--- TASK OBJECTIVE ---
Below, locate the line that contains "Murray Sporting Goods". Repeat exactly from that line to the line that contains "Touchless Lending Experience", inclusive, leaving out the pictures.

--- DATA SHOWN ---
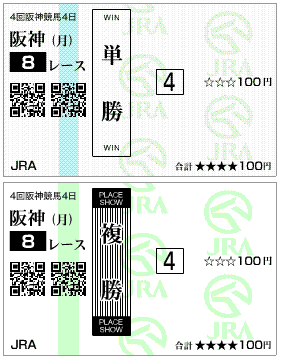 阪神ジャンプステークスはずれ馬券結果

--

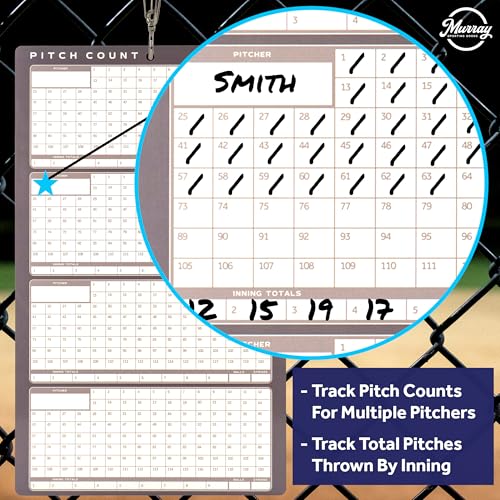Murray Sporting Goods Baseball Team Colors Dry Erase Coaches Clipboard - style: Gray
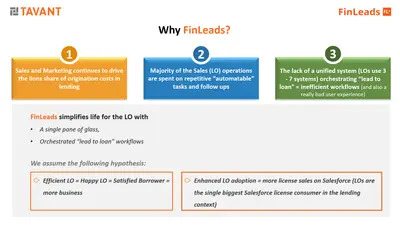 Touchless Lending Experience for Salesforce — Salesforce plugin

...

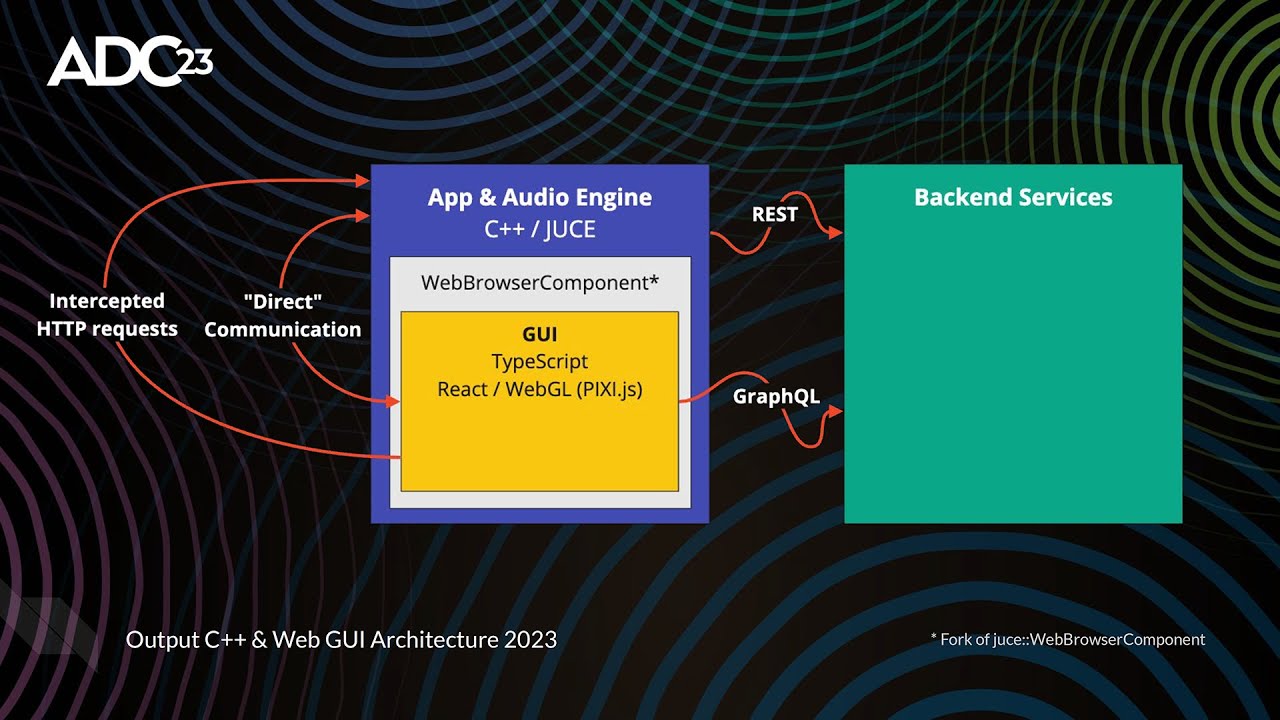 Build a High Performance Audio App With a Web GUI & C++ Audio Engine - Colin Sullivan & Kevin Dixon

--- ANSWER TO THIS EXERCISE ---
Murray Sporting Goods Baseball Team Colors Dry Erase Coaches Clipboard - style: Gray
 Touchless Lending Experience for Salesforce — Salesforce plugin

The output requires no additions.